The centrist politician met President Emmanuel Macron at the Elysee Palace early this morning.
The French government collapsed last week after Mr Barnier lost a vote of no confidence.
He decided to use special powers to force a social security budget through the lower house of parliament without a final vote.
A last-minute concession was not enough to win support from the hard-right National Rally (RN).
It was the first time a French government had lost a confidence vote since 1962, and Mr Barnier subsequently tendered his resignation.
The 73-year-old was appointed in September and has become the shortest-serving prime minister in France’s modern Republic, after lasting just 90 days in the job.

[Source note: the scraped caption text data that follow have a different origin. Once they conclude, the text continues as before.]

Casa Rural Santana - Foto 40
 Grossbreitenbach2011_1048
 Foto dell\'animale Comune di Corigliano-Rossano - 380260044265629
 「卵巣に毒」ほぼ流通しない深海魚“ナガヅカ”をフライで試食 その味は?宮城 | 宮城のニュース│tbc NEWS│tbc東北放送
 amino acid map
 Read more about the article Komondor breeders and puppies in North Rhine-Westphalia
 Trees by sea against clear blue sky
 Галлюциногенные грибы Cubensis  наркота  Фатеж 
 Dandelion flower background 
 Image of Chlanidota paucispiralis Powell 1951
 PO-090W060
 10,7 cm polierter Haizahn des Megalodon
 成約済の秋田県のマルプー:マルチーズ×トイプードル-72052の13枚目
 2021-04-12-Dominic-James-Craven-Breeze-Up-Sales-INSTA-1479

Mr Barnier was appointed following surprise elections called by President Macron earlier this year, which led to shock results which left the government in limbo.
Europe correspondent
Francois Bayrou, a former minister who has run three times for president and started his own political party, has been named as the new French prime minister.
He will start the job immediately, with the job of bringing some calm to the nation’s volatile parliament. He faces a job that is, at best, imposing and, at worst, impossible. He will have to work with President Emmanuel Macron, while also finding common ground between a parliament that is split between politicians from the far left and far right, some of whom loathe the president and will do whatever it takes to undermine him.
Bayrou will also have to persuade a fractious, angry parliament to support a budget at a time when the nation’s public finances are under scrutiny. His predecessor lasted just three months in the job – few expect Bayrou to be in for a long stint.
Although from different parties, Bayrou is a long-standing ally of President Macron. He was the justice minister in the first government after Macron’s election, but then had to resign after being accused of fraud. He was acquitted of those charges earlier this year.
Bayrou, who is 73 years old, leads the Democratic Movement, which he founded in 2007. He has made three unsuccessful runs at the presidency – in 2002, 2007 and 2012.
His rise to the job of prime minister comes as part of the fallout from the summer, when Macron called fresh national elections. The result was a National Assembly that was essentially split between Left, Right and Centre parties, creating gridlock between politicians who could find few areas of consensus. It took two months for Macron to find a candidate for prime minister, Michel Barnier, who seemed palatable to all sides.
Instead, Barnier’s tenure was a clear warning of how tough the job is, and what Bayrou will have to manage.